Erstaunlich war für die Wissenschaftler, dass ein solches Verhalten von Tieren in der Größe eines Geckos nicht bekannt war und nicht ohne weiteres erklärbar ist. Kleinere Tiere, wie Spinnen oder Insekten, können dank der Oberflächenspannung des Wassers auf diesem laufen. Größere Tiere können das vor allem dank ihrer kräftigen Beinschläge, etwa Basilisken, die zu den Leguanen gehören. Geckos jedoch sind eigentlich zu schwer, um allein die Oberflächenspannung zu nutzen und nicht kräftig genug, um sich mit ihren Beinen allein über dem Wasser zu halten.

Kombination aus zwei Methoden

Das Team um Nirody fand nun heraus, dass die Geckos beim Wasserlaufen eine Kombination verschiedener Methoden einsetzen. Die Wissenschaftler ließen für ihre Untersuchung acht Tiere dutzende Male im Labor über eine Wasserfläche huschen. Die Videoaufnahmen zeigten, dass die Tiere auf dem Wasser eine ähnlich hohe Geschwindigkeit wie an Land erreichen. Ihr Körper ist dabei nicht vollständig über dem Wasser: Der Hinterleib berührt die Wasseroberfläche, der Schwanz ist gänzlich untergetaucht.

Die genauere Betrachtung ergab, dass die Tiere ähnlich wie die Basilisken ihre Füße auf die Wasseroberfläche schlagen. "Wenn sie das Wasser treffen, erzeugen sie eine Luftblase, die eine zusätzliche Kraft erzeugt und ihrem Körper hilft, über Wasser zu bleiben", erläutert Nirody. Allerdings reicht die dadurch erzeugte Kraft allein nicht aus, um ein Laufen auf dem Wasser zu ermöglichen, fanden die Forscher.

Auf Seifenwasser laufen ist schwerer

Um herauszufinden, ob die Oberflächenspannung des Wassers eine weitere, tragende Rolle spielt, versetzten sie das Wasser mit Seifenlauge. Dadurch sinkt die Oberflächenspannung. In der Folge sanken auch die Tiere – zwar nicht vollständig, aber doch deutlich tiefer ins Wasser hinab. Außerdem wurden sie erheblich langsamer.

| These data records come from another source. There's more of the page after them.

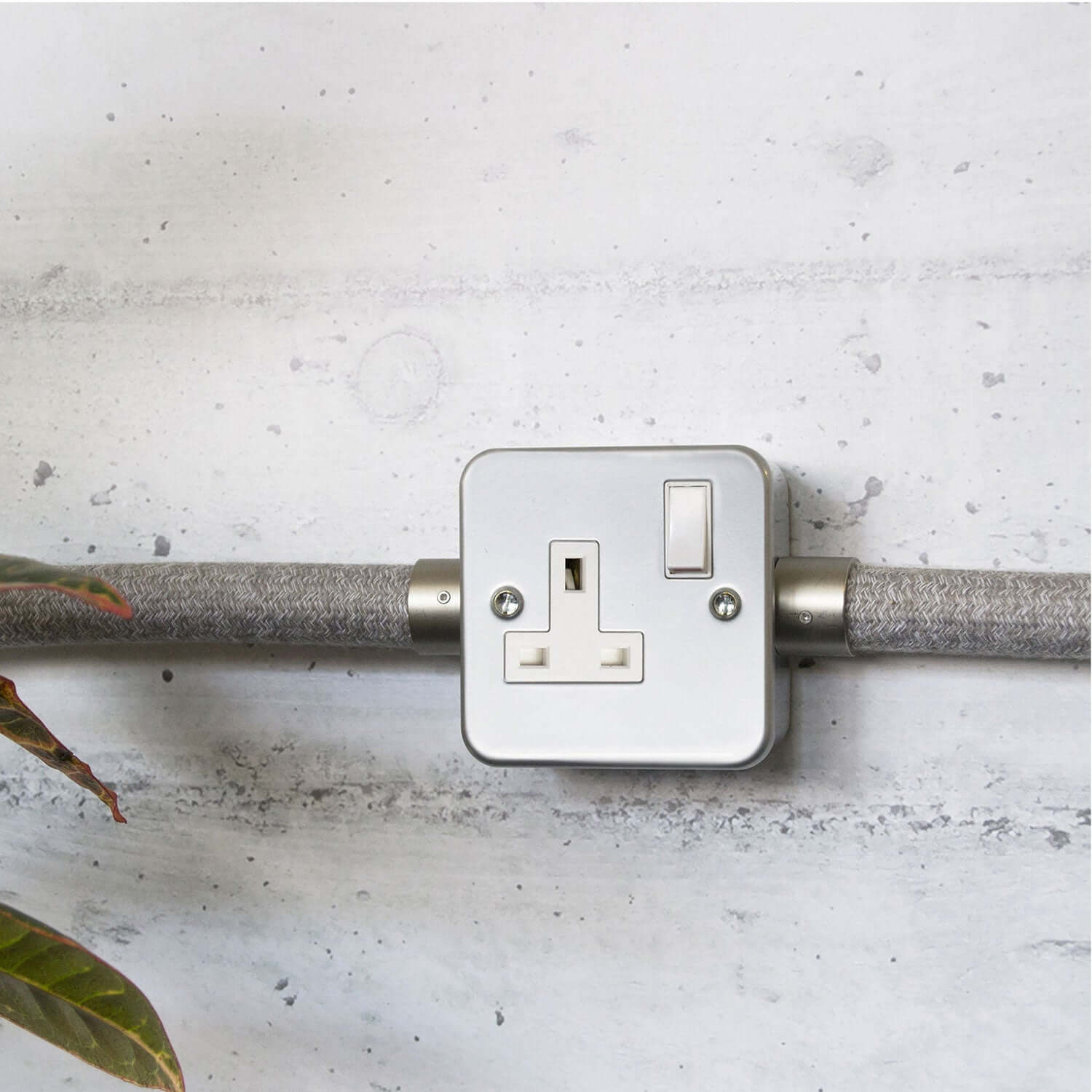 Metal wall box with UK outlet and switch for Creative-Tube - Image 3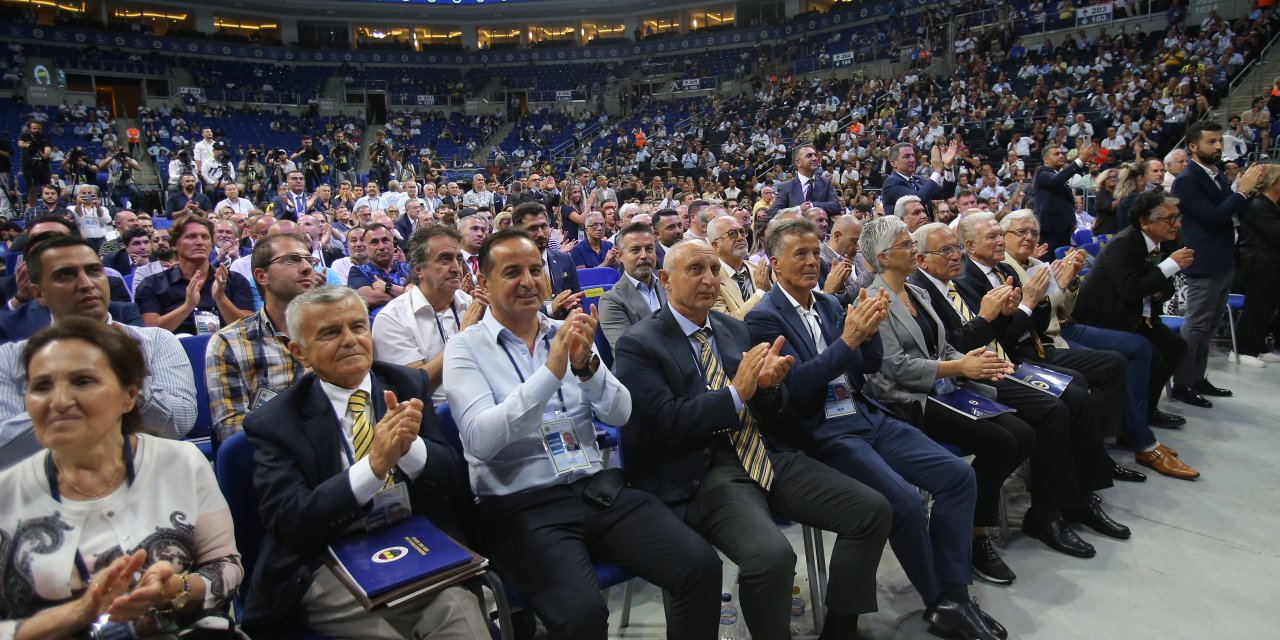 Fenerbahçe’de Stat İsim Değişikliği İçin Yönetime Yetki Verildi
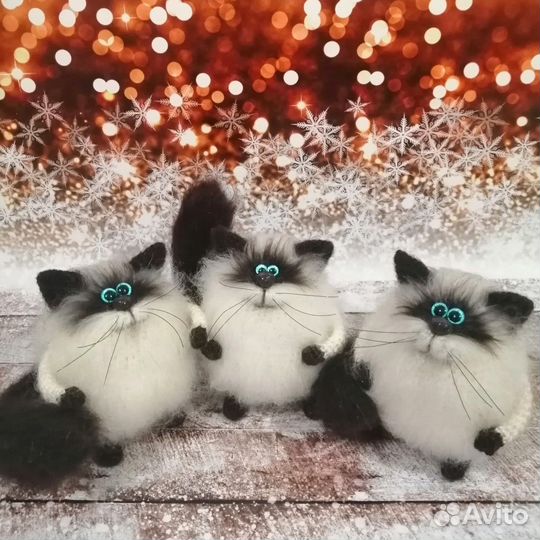 Вязаный кот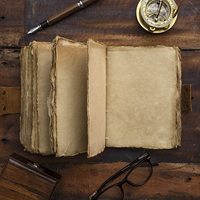 Journal en cuir fait main très vendu, grimoire vintage de sorcière, carnet cousu à la main, taille personnalisée, papier à bords festonnés antique, avec serrure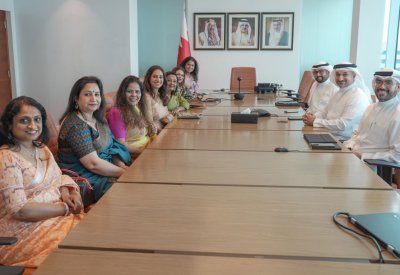 وزير "الصناعة" يستقبل رئيس مجلس إدارة جمعية السيدات الهنديات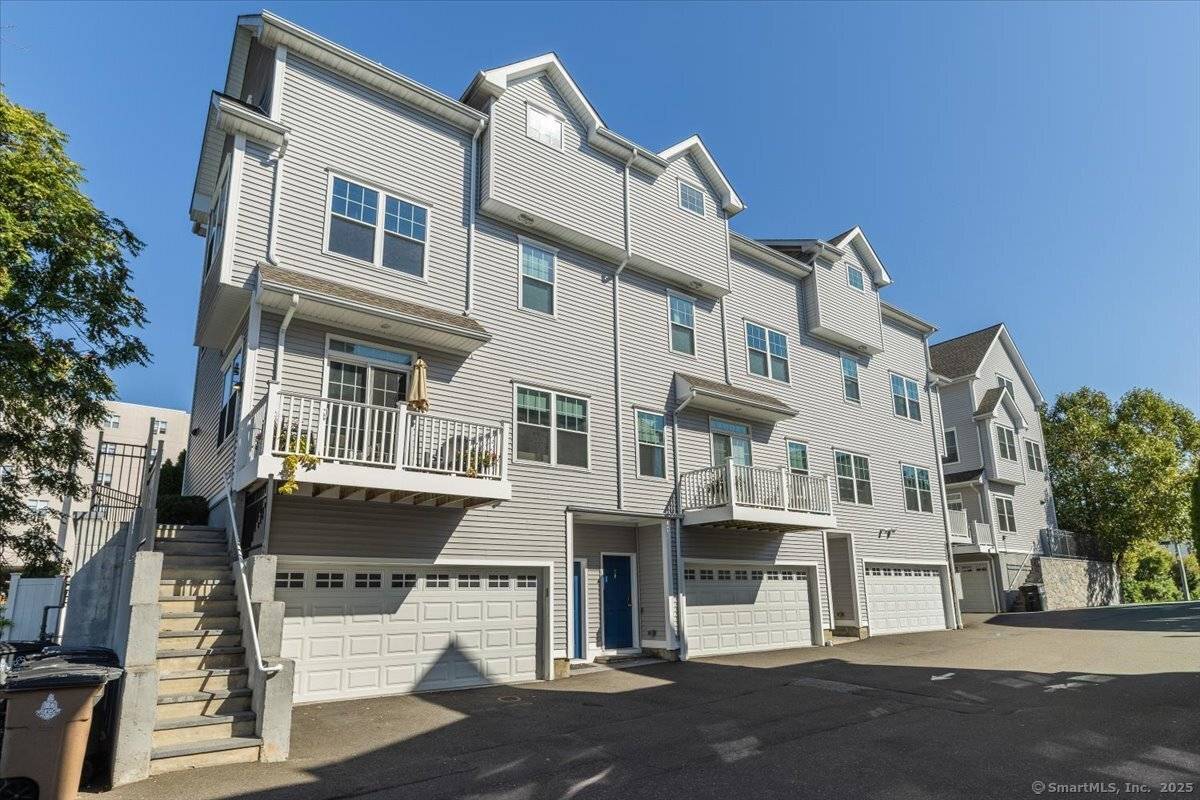 Welcome to the West Park Townhomes !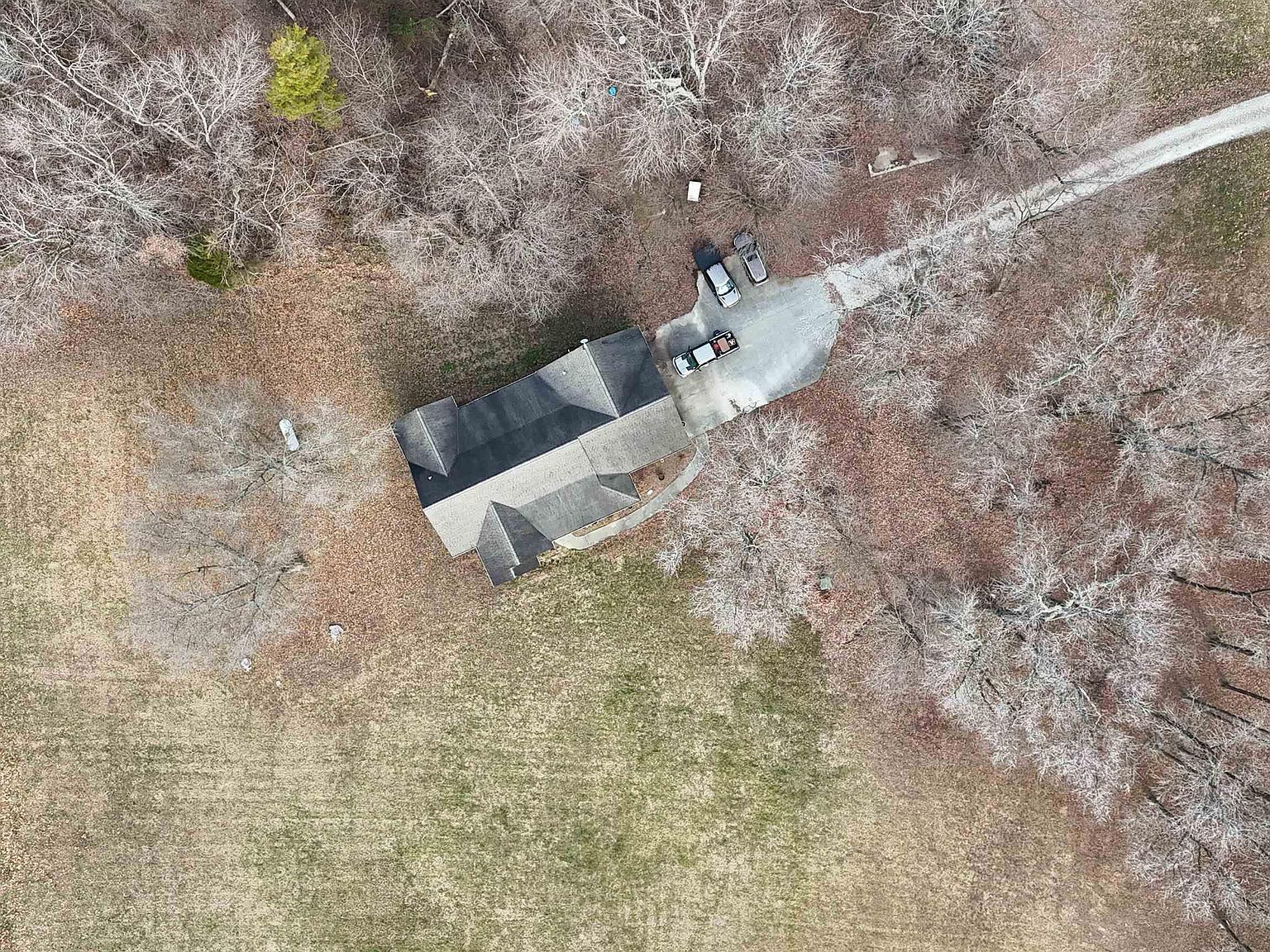 2577 E 600 S Huntingburg, IN 47542 - Thumbnail 3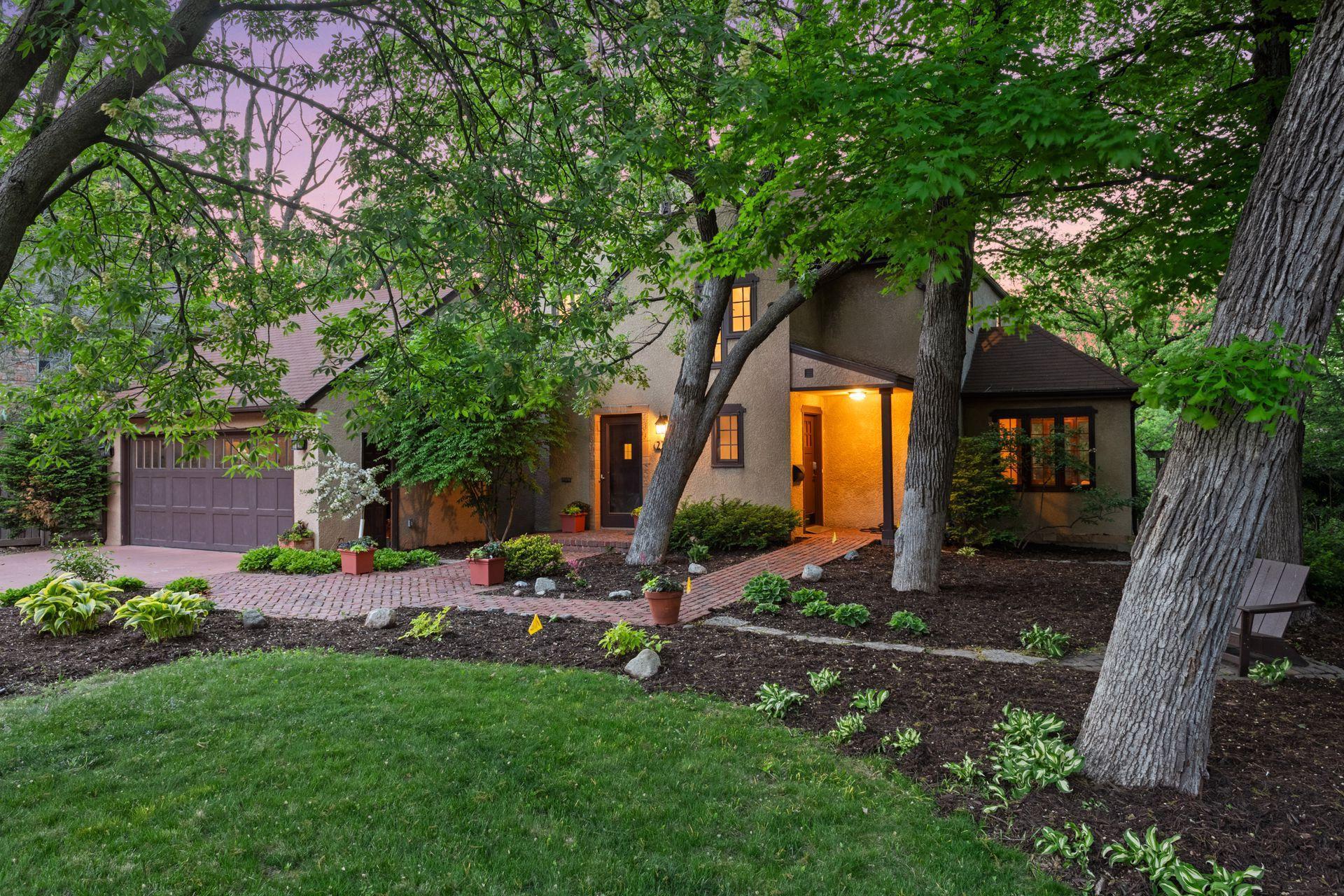 2114 W 53rd Street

Zuletzt hilft den Geckos vermutlich ihre extrem wasserabweisende Haut, über dem Wasser zu bleiben, berichten die Forscher weiter. "Außer der Oberflächenspannung und dem Wasserschlagen haben sie also ihren eigenen Spezialtrick", sagt Nirody. Zusätzlichen Antrieb erzeugen die Tiere, indem sie mit Körper und Schwanz seitliche, wellenförmige Bewegungen erzeugen.

Die Wissenschaftler glauben, dass ihre Ergebnisse nützlich sein werden bei der Entwicklung von Robotern, die über Wasser laufen. Ein sich wellenförmig bewegender Schwanz könne deren Stabilität und Geschwindigkeit verbessern, wasserabweisende Materialien Zugkräfte minimieren.